[Short web captions]
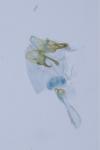 Ectoedemia turbidella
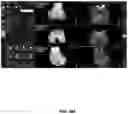 Fig. 105 - System and method for providing surgical planning and guidance with three-dimensional visualization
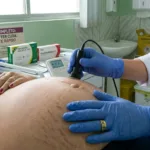 Sífilis em gestantes dispara em Goiás e rede pública reforça testes rápidos na capital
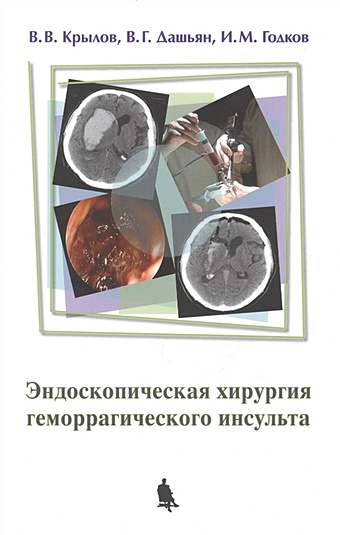Крылов В., Дашьян В., Годков И. Эндоскопическая хирургия геморрагического инсульта крылов в ред эндоскопическая нейрохирургия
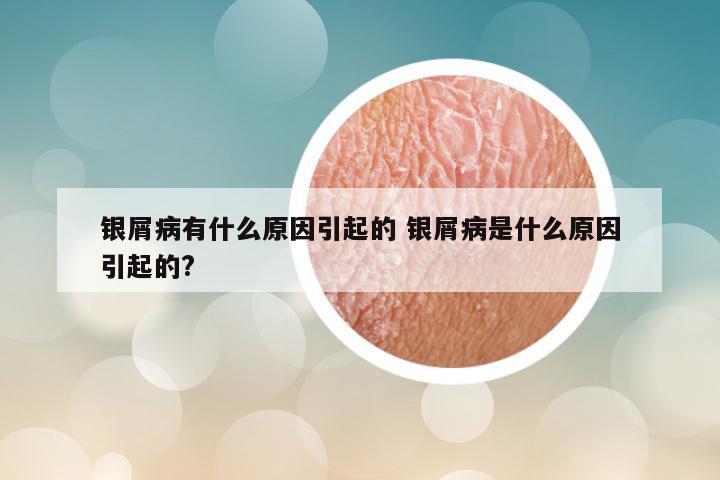银屑病有什么原因引起的 银屑病是什么原因引起的?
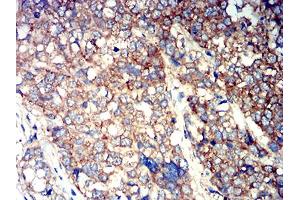 Immunohistochemical analysis of paraffin-embedded breast cancer tissues using ATG3 mouse mAb with DAB staining. (ATG3 antibody  (AA 1-100))
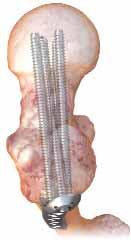 This anterior curve provides an anatomic plate fit to ensure optimal plate position on bone.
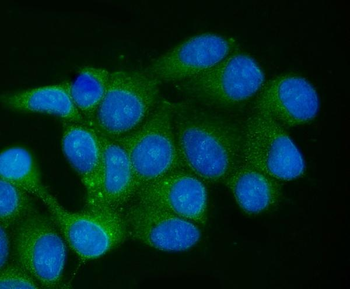 TCEB2/Elongin-B/ELOB Rabbit Polyclonal Antibody
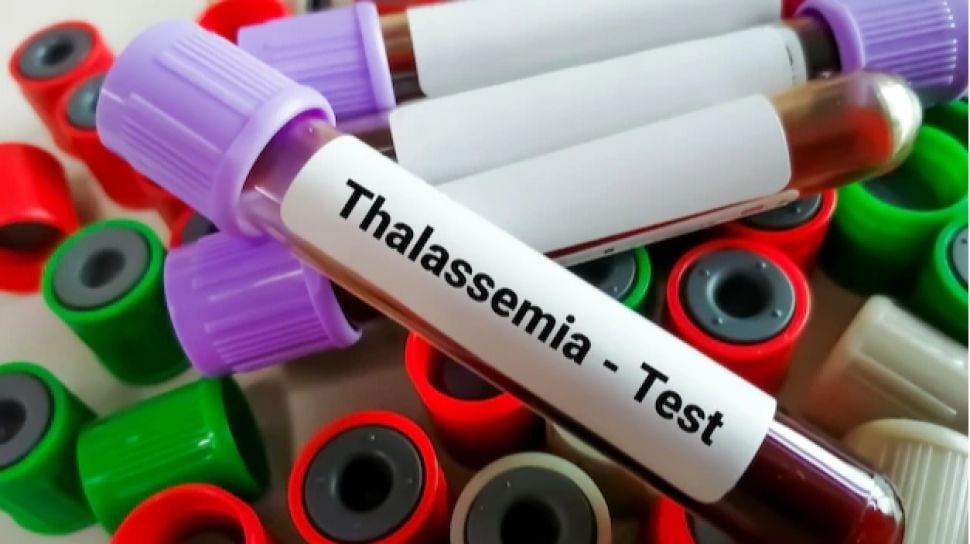 Perawatan Komprehensif Thalasemia: Transfusi Darah & Dukungan Psikologis Terpadu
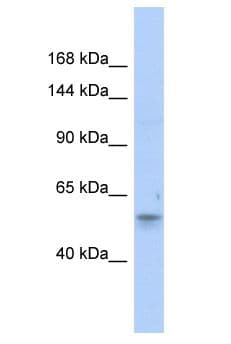 EPHB6 / EPH Receptor B6 Antibody (aa225-274)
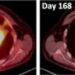 Chest scans showing lung tumors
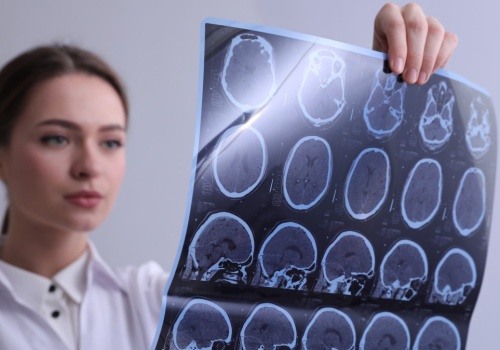 AI oszukuje lekarzy. RTG nie do odróżnienia od prawdziwych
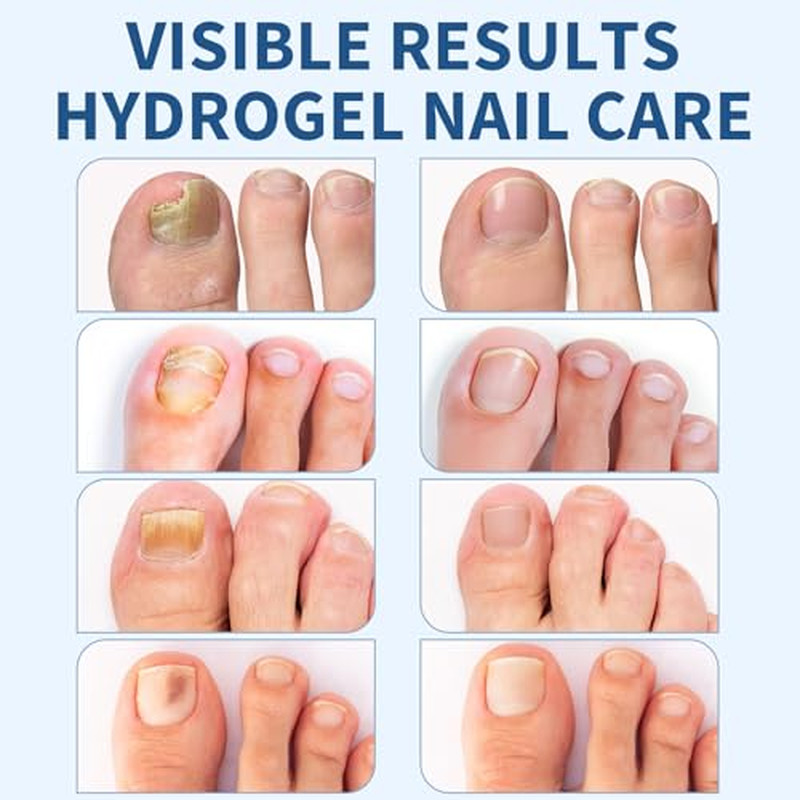 50PCS Toenail Nail Patches, 8-Hour Overnight Self-Adhesive Conditioning Stickers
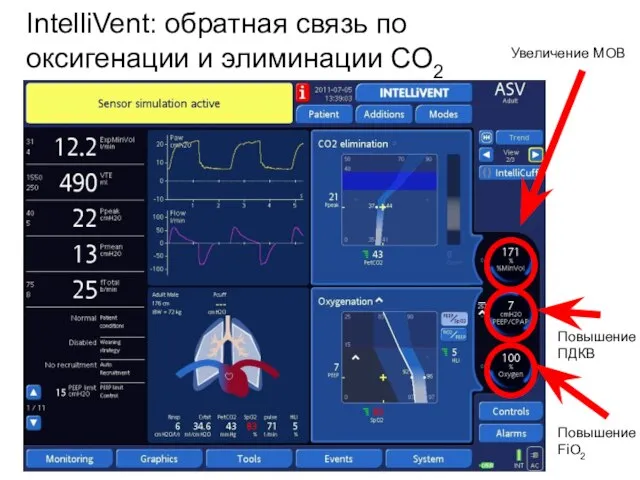 IntelliVent: обратная связь по оксигенации и элиминации CO2 Увеличение МОВ Повышение ПДКВ Повышение FiO2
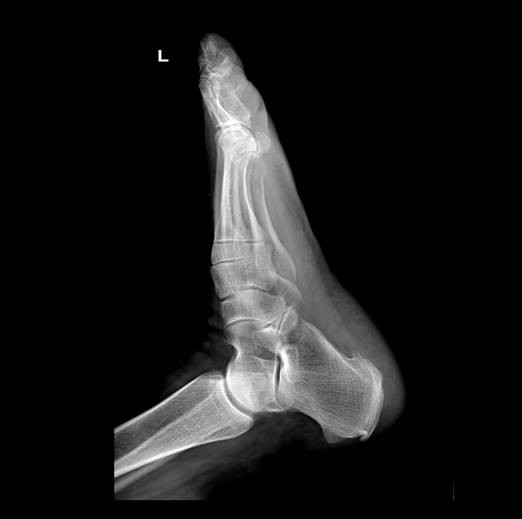 DDR Type 50KW 150KV Ceiling Automatic X Ray Machine BTR-X500 0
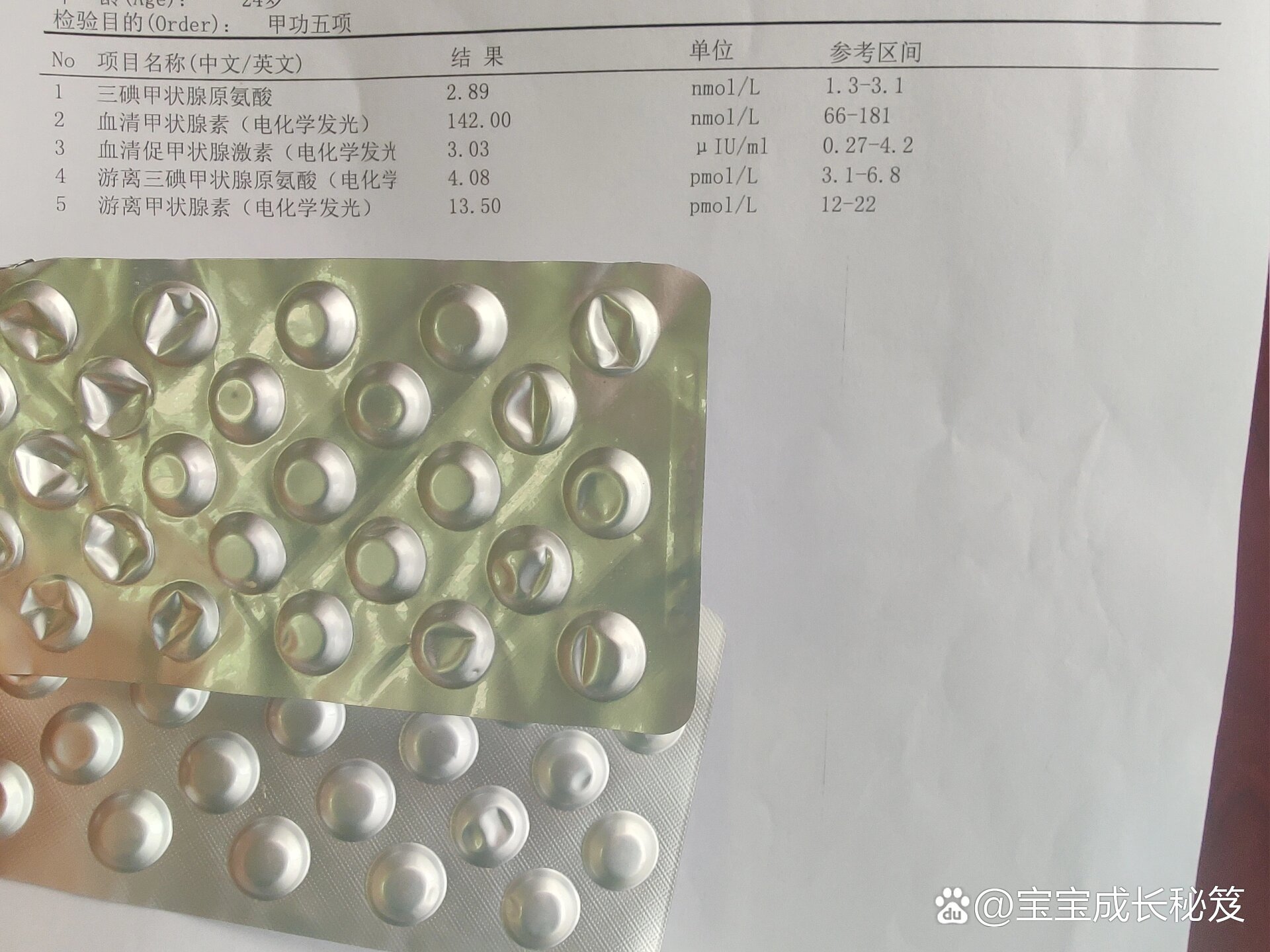 甲减孕妇出生的小孩正常吗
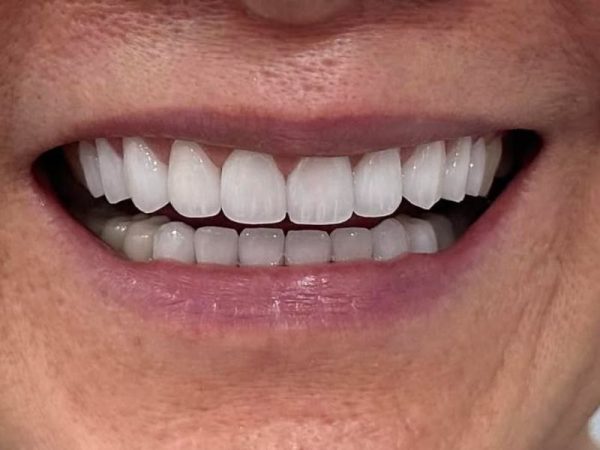 Làm răng sứ mất bao lâu? Tìm hiểu quy trình thực hiện và những lưu ý quan trọng 1 Làm răng sứ mất bao lâu sẽ phụ thuộc vào nhiều yếu tố khác nhau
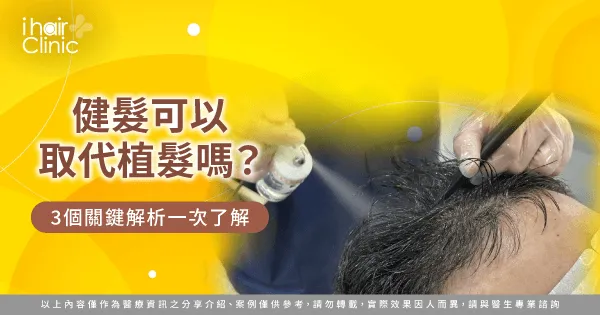 健髮 可以取代植髮嗎-健髮 植髮 差別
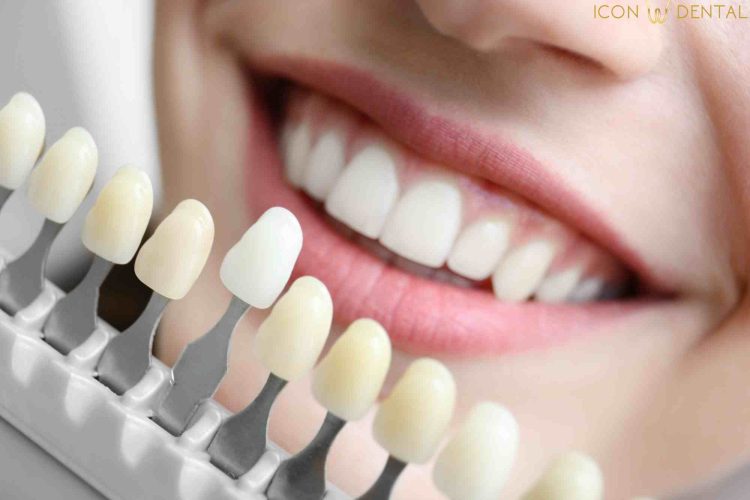 teeth whitening price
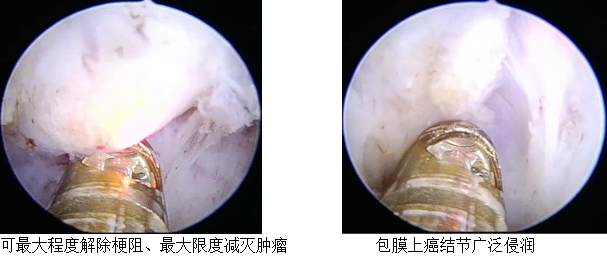 1584082102742214.png image.png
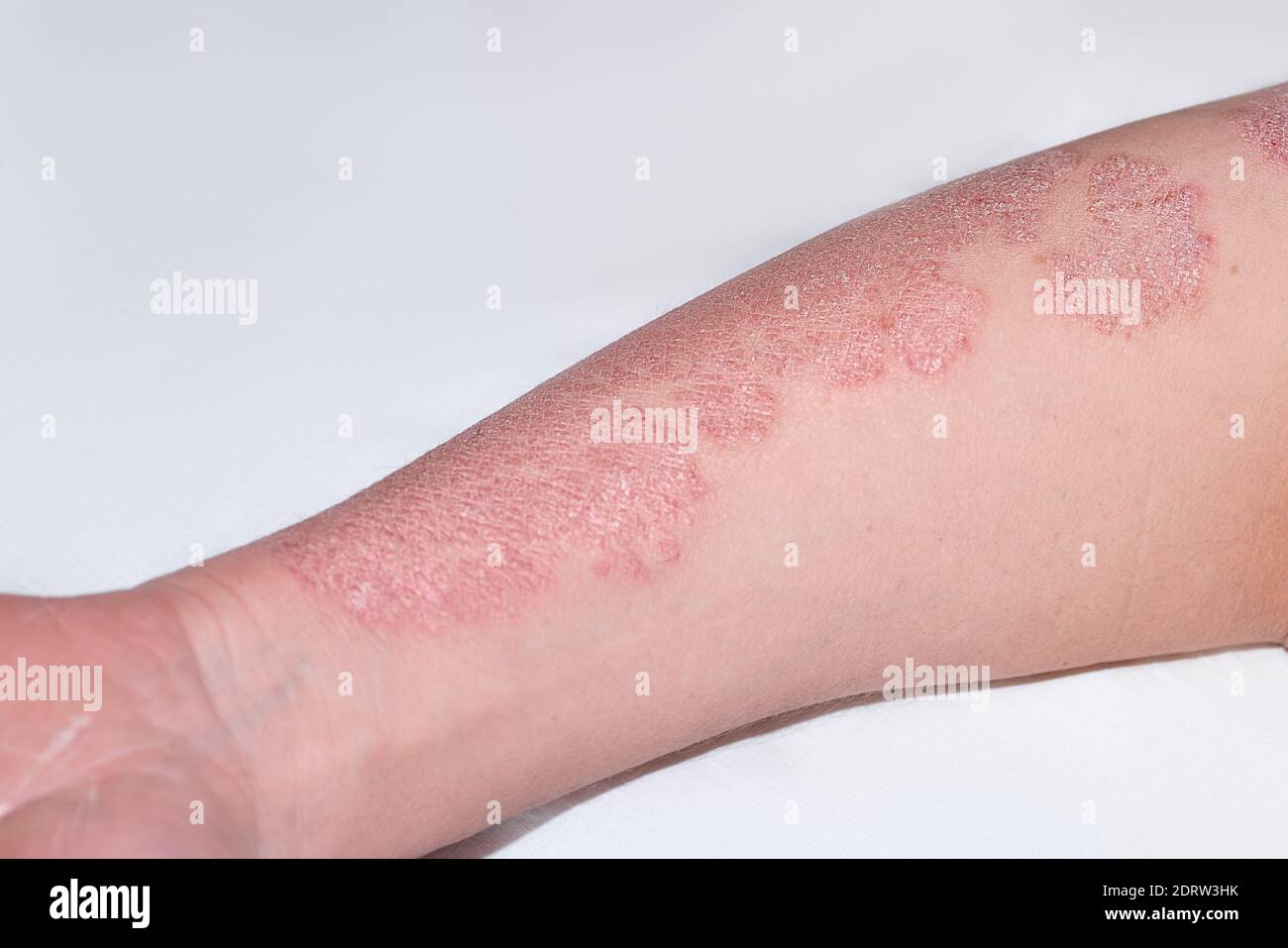 Ekzem Hautkrankheit Psoriasis auf der männlichen Hand.männliche Hand mit Psoriasis-Krankheit. Das medizinische Problem ist Psoriasis. Stockfoto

▶ EXERCISE DESCRIPTION: The response must repeat all the lines above exactly and include no pictures.

▶ COMPLETED EXERCISE:
 Ectoedemia turbidella
 Fig. 105 - System and method for providing surgical planning and guidance with three-dimensional visualization
 Sífilis em gestantes dispara em Goiás e rede pública reforça testes rápidos na capital
Крылов В., Дашьян В., Годков И. Эндоскопическая хирургия геморрагического инсульта крылов в ред эндоскопическая нейрохирургия
银屑病有什么原因引起的 银屑病是什么原因引起的?
 Immunohistochemical analysis of paraffin-embedded breast cancer tissues using ATG3 mouse mAb with DAB staining. (ATG3 antibody  (AA 1-100))
 This anterior curve provides an anatomic plate fit to ensure optimal plate position on bone.
 TCEB2/Elongin-B/ELOB Rabbit Polyclonal Antibody
 Perawatan Komprehensif Thalasemia: Transfusi Darah & Dukungan Psikologis Terpadu
 EPHB6 / EPH Receptor B6 Antibody (aa225-274)
 Chest scans showing lung tumors
 AI oszukuje lekarzy. RTG nie do odróżnienia od prawdziwych
 50PCS Toenail Nail Patches, 8-Hour Overnight Self-Adhesive Conditioning Stickers
 IntelliVent: обратная связь по оксигенации и элиминации CO2 Увеличение МОВ Повышение ПДКВ Повышение FiO2
 DDR Type 50KW 150KV Ceiling Automatic X Ray Machine BTR-X500 0
 甲减孕妇出生的小孩正常吗
 Làm răng sứ mất bao lâu? Tìm hiểu quy trình thực hiện và những lưu ý quan trọng 1 Làm răng sứ mất bao lâu sẽ phụ thuộc vào nhiều yếu tố khác nhau
 健髮 可以取代植髮嗎-健髮 植髮 差別
 teeth whitening price
 1584082102742214.png image.png
 Ekzem Hautkrankheit Psoriasis auf der männlichen Hand.männliche Hand mit Psoriasis-Krankheit. Das medizinische Problem ist Psoriasis. Stockfoto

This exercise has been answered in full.